*** Opening of Input material ***

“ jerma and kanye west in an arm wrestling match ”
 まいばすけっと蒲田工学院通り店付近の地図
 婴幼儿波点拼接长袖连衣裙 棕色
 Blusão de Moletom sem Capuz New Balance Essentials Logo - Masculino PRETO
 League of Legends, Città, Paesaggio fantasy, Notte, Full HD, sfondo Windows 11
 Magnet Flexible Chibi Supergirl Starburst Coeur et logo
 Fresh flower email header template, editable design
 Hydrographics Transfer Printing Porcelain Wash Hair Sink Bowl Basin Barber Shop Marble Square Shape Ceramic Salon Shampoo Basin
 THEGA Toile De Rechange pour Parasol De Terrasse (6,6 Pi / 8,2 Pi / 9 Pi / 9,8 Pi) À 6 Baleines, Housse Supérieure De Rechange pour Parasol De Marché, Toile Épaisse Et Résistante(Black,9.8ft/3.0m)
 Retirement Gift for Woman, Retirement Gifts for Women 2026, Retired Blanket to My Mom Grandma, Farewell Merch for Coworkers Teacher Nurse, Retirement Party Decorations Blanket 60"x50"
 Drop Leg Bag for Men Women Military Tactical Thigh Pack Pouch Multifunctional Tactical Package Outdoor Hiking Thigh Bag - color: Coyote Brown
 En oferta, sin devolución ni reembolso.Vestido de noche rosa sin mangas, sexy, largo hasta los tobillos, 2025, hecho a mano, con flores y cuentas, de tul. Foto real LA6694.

*** Close of Input material ***

*Task goal*
Nothing is to be altered; retype each entry exactly.

*Answer to the exercise*
“ jerma and kanye west in an arm wrestling match ”
 まいばすけっと蒲田工学院通り店付近の地図
 婴幼儿波点拼接长袖连衣裙 棕色
 Blusão de Moletom sem Capuz New Balance Essentials Logo - Masculino PRETO
 League of Legends, Città, Paesaggio fantasy, Notte, Full HD, sfondo Windows 11
 Magnet Flexible Chibi Supergirl Starburst Coeur et logo
 Fresh flower email header template, editable design
 Hydrographics Transfer Printing Porcelain Wash Hair Sink Bowl Basin Barber Shop Marble Square Shape Ceramic Salon Shampoo Basin
 THEGA Toile De Rechange pour Parasol De Terrasse (6,6 Pi / 8,2 Pi / 9 Pi / 9,8 Pi) À 6 Baleines, Housse Supérieure De Rechange pour Parasol De Marché, Toile Épaisse Et Résistante(Black,9.8ft/3.0m)
 Retirement Gift for Woman, Retirement Gifts for Women 2026, Retired Blanket to My Mom Grandma, Farewell Merch for Coworkers Teacher Nurse, Retirement Party Decorations Blanket 60"x50"
 Drop Leg Bag for Men Women Military Tactical Thigh Pack Pouch Multifunctional Tactical Package Outdoor Hiking Thigh Bag - color: Coyote Brown
 En oferta, sin devolución ni reembolso.Vestido de noche rosa sin mangas, sexy, largo hasta los tobillos, 2025, hecho a mano, con flores y cuentas, de tul. Foto real LA6694.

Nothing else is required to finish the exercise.